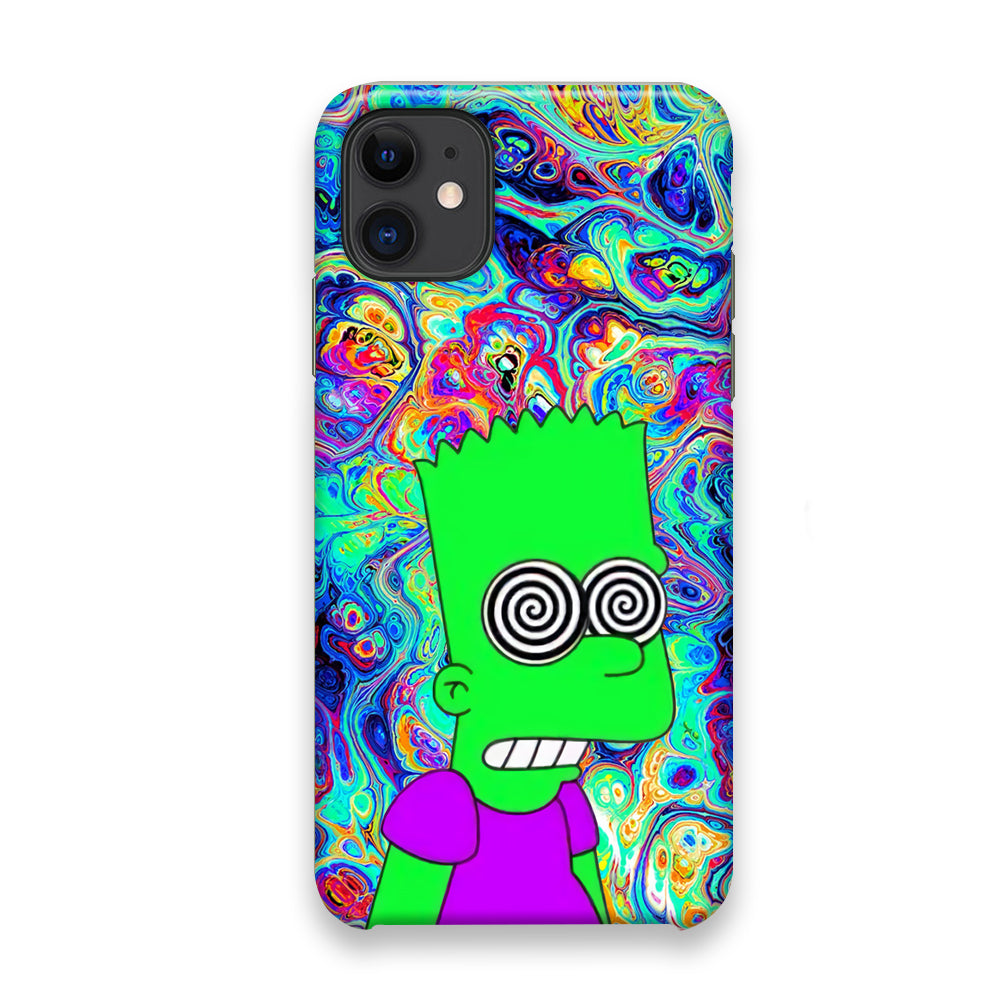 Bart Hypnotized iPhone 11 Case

.....

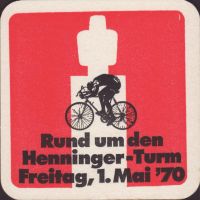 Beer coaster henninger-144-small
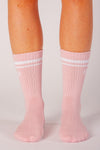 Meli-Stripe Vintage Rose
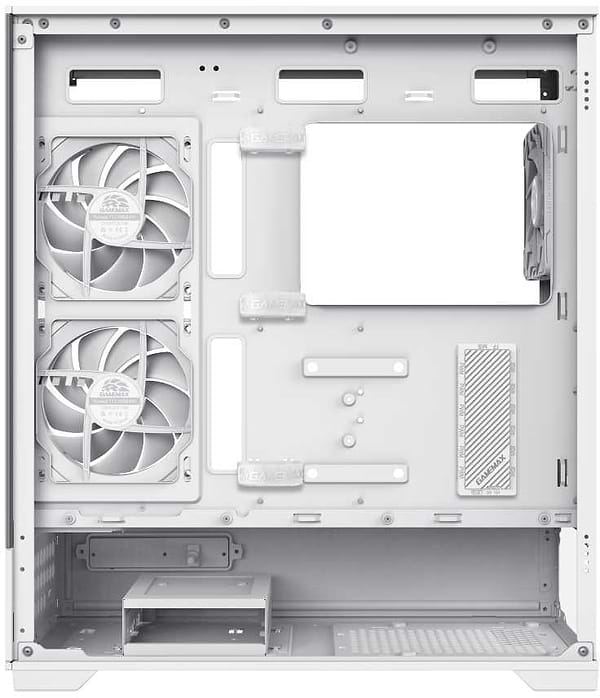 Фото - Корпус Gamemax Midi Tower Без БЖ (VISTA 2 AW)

.....

## Activity
Each line above that falls between the line with "Meli-Stripe Vintage Rose" and the line with "Фото - Корпус" should be printed exactly, together with those two lines, but the pictures should not.

## Final answer
 Meli-Stripe Vintage Rose
 Фото - Корпус Gamemax Midi Tower Без БЖ (VISTA 2 AW)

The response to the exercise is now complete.